For the data below, retype word for word the lines from the one containing "Aerial view of" through the one containing "Display shelves of"; drop the pictures.
START Data shown
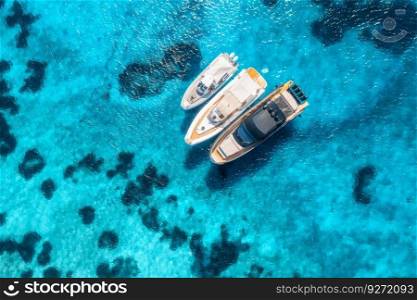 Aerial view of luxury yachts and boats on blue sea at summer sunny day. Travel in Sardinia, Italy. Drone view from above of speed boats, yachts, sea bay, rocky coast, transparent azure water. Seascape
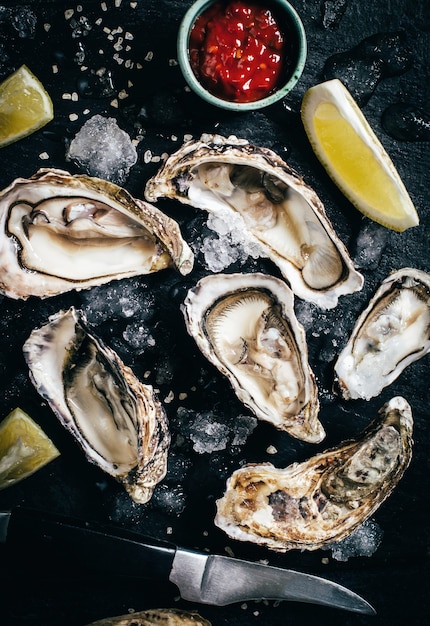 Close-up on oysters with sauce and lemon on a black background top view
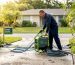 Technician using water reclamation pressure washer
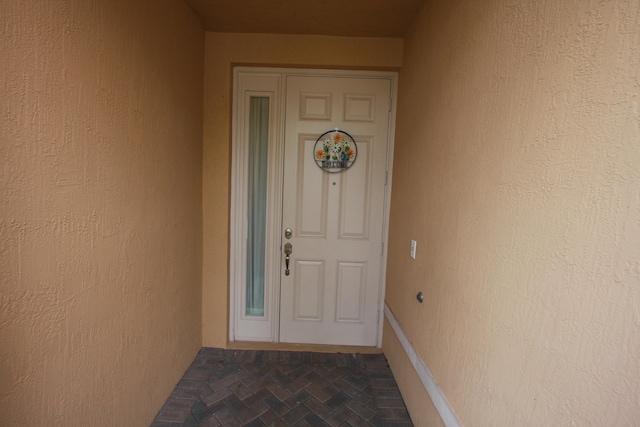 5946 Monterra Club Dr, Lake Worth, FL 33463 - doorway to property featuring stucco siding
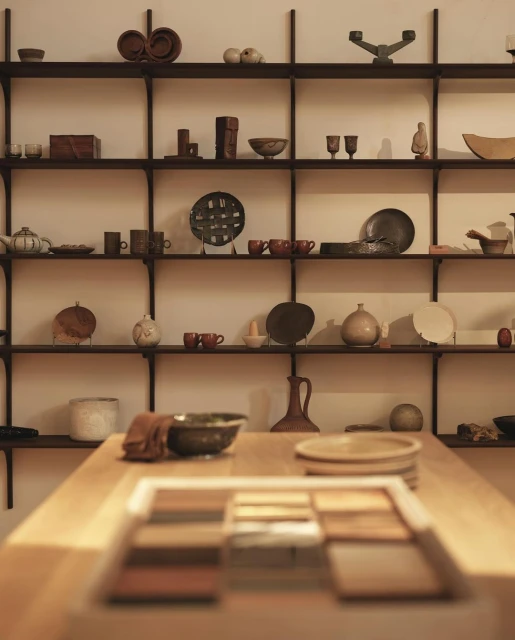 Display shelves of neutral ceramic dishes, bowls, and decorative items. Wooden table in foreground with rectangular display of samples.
END Data shown
START Data shown
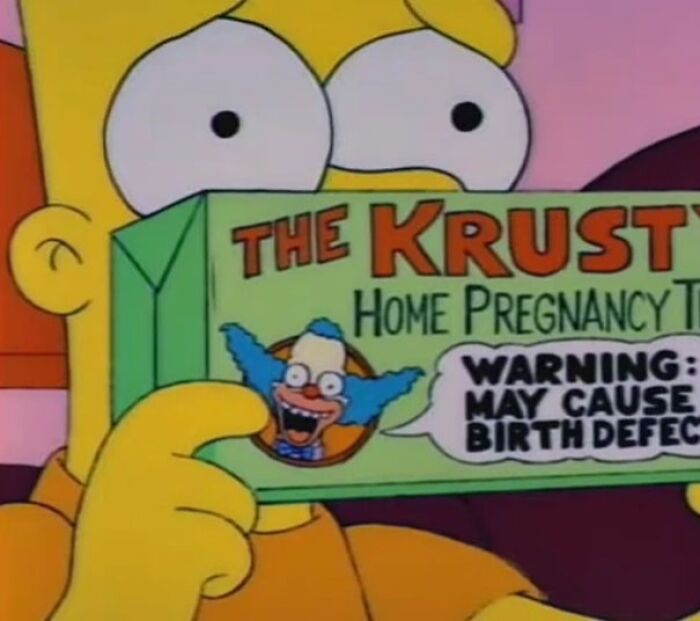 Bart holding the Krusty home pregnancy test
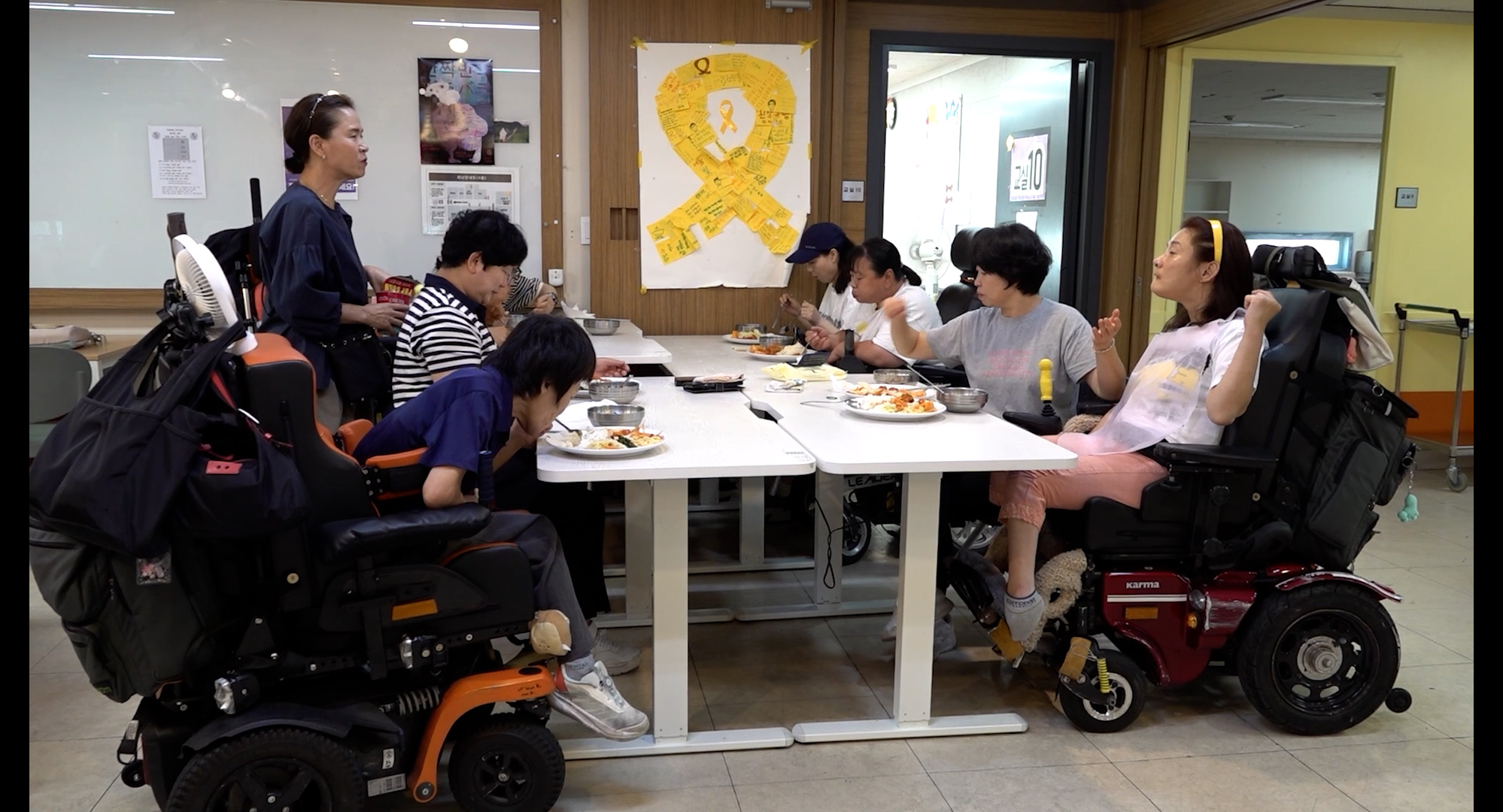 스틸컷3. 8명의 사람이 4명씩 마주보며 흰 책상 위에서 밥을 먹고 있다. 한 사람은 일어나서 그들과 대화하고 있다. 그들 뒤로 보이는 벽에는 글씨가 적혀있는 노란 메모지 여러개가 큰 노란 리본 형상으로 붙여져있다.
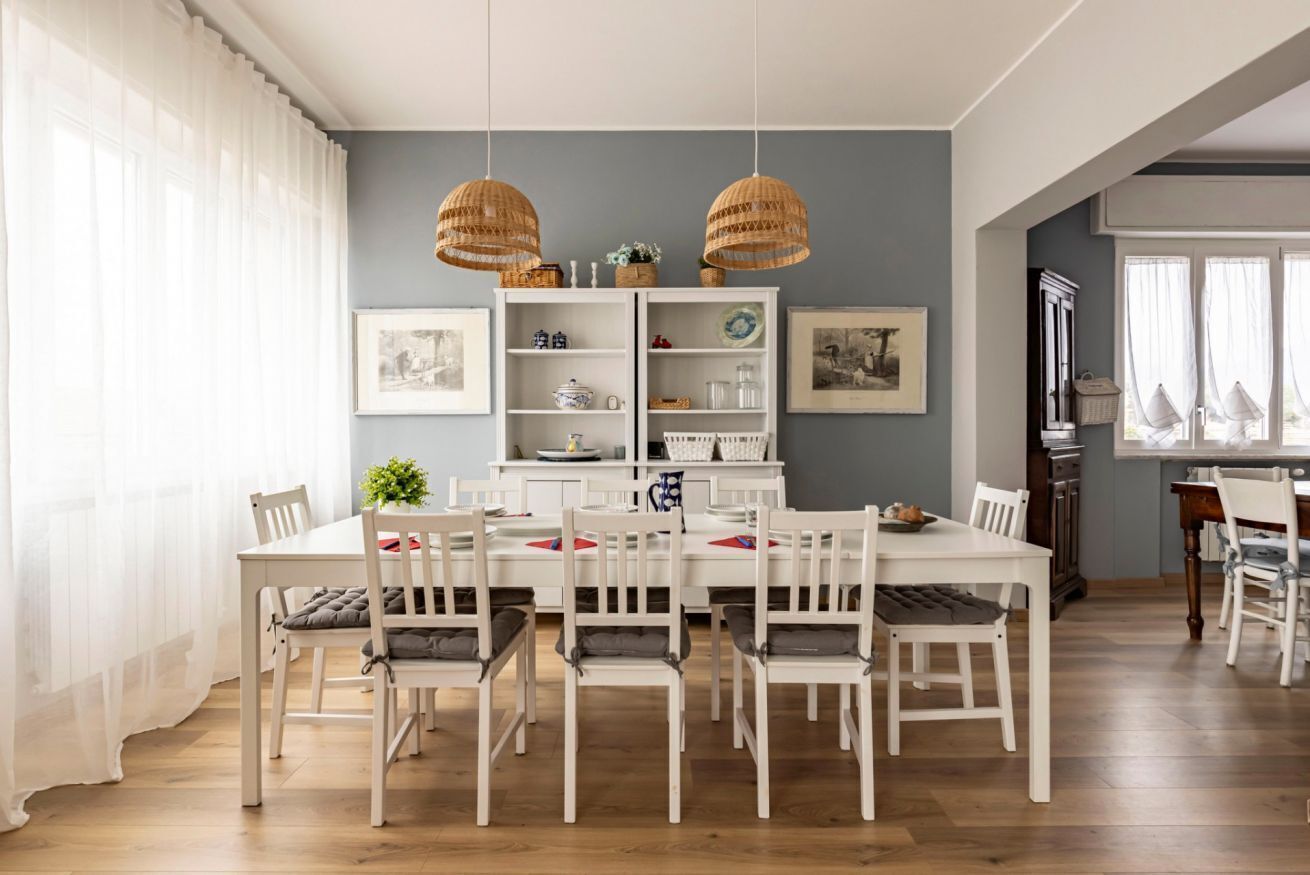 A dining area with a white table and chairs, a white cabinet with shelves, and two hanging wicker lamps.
END Data shown
* **Response to the task**:
 Aerial view of luxury yachts and boats on blue sea at summer sunny day. Travel in Sardinia, Italy. Drone view from above of speed boats, yachts, sea bay, rocky coast, transparent azure water. Seascape
 Close-up on oysters with sauce and lemon on a black background top view
 Technician using water reclamation pressure washer
 5946 Monterra Club Dr, Lake Worth, FL 33463 - doorway to property featuring stucco siding
 Display shelves of neutral ceramic dishes, bowls, and decorative items. Wooden table in foreground with rectangular display of samples.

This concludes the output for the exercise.